### WORK TASK
From the line holding "Đường Đến An Bình Thật Sự" to the final line of the entries, set down each line exactly, including both, and nothing more.

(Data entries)

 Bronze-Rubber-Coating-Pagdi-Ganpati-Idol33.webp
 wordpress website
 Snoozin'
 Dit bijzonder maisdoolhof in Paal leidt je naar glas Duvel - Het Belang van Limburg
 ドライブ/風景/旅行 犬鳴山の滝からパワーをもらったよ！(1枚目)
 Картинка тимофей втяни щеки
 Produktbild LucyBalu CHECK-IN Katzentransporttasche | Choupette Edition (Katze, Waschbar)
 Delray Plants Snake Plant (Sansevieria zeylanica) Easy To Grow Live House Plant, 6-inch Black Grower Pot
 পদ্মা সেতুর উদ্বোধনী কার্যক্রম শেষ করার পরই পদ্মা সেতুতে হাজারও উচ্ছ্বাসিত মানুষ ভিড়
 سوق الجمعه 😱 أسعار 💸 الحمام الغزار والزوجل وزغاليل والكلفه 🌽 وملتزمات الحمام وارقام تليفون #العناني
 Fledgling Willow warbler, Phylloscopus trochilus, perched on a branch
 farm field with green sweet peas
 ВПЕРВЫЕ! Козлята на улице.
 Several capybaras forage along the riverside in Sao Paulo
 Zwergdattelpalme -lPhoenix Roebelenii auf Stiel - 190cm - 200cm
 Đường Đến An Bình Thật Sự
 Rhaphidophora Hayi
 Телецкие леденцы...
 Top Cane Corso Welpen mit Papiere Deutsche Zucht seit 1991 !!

### SOLUTION TO THIS TASK
 Đường Đến An Bình Thật Sự
 Rhaphidophora Hayi
 Телецкие леденцы...
 Top Cane Corso Welpen mit Papiere Deutsche Zucht seit 1991 !!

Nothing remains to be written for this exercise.